Verilerin toplanmasında kullanılan ön test ve son test araştırmacı tarafından oluşturulmuştur. (EK:5–6). Test geliştirme sürecinde öncelikle testin amacı belirlenmiştir. Ön bilgileri ve grupların denkliğini belirlemek amacıyla ön test, öğrencilerin başarısını ve gruplar arasındaki farkı belirlemek amacıyla son test, bilgilerin kalıcılığının belirlenmesi amacıyla kalıcılık testi uygulanmasına karar verilmiştir. Testte ölçülecek nitelikler belirlenirken “hücre zarından madde geçişi” konusu ile ilgili öğrencilerin kazanması gereken davranışlar belirlenmiştir, daha sonra test maddeleri yazılmıştır. Test maddelerin deneme formu 50 öğrenciye uygulanmıştır. Geçerlilik ve güvenirlikleri belirlenmiştir. Daha sonra deneysel işlem sırasına göre testler çalışma gruplarına uygulanmıştır.

Testler 20’şer sorudan oluşmaktadır.

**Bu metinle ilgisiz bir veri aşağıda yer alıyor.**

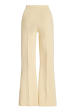 Kick Stretch-Cotton Pants In Subtle Jacquard Pale Yellow Fashion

Uygulamadan önce testler Özel Platin Eğitim Dershanesinden 50 kişilik öğrenci grubuna uygulanmış ve iteman testiyle geçerlik ve güvenirlikleri kontrol edilmiştir.

Tablo 1

Ön Test Madde Analizi Sonuçları (iteman testi) N Soru sayısı

_

X S P Ayırt edicilik Güvenilirlik

50 20 10,52 5,20 0,52 0,53 0,87

*P≤ 0,05

Tablo 1’e göre ön test’in güvenilirliği α = .87 bulunmuştur ve uygulama için yeterli kabul edilmiştir.

Tablo 2

Son Test Madde Analizi Sonuçları (iteman testi) N Soru sayısı

_

X S P Ayırt edicilik Güvenilirlik

50 20 8,44 4,34 0,42 0,45 0,80

*P≤ 0,05

Tablo 2’ye göre son test’in güvenilirliği α = .80 bulunmuştur ve uygulama için yeterli kabul edilmiştir.

3.4. Verilerin Analizi

Bu araştırmada bağımsız değişken Çoklu Zekâ Kuramına göre uygulanan etkinlikler, bağımlı değişken ise öğrencilerin başarı puanlarıdır. Deney ve kontrol gruplarına uygulama öncesinde ön test, uygulamadan sonra son test ve bir ay sonunda son test kalıcılık testi olarak tekrar yapılmıştır. Elde edilen verilerin analizinde ortalamalar arasındaki farkları ortaya koymak amacıyla “t testi” kullanılmıştır. İstatistikî işlemler SPSS programıyla yapılmıştır. Elde edilen veriler arasındaki farkın anlamlı olup olmadıkları 0,05 düzeyinde değerlendirilmiştir.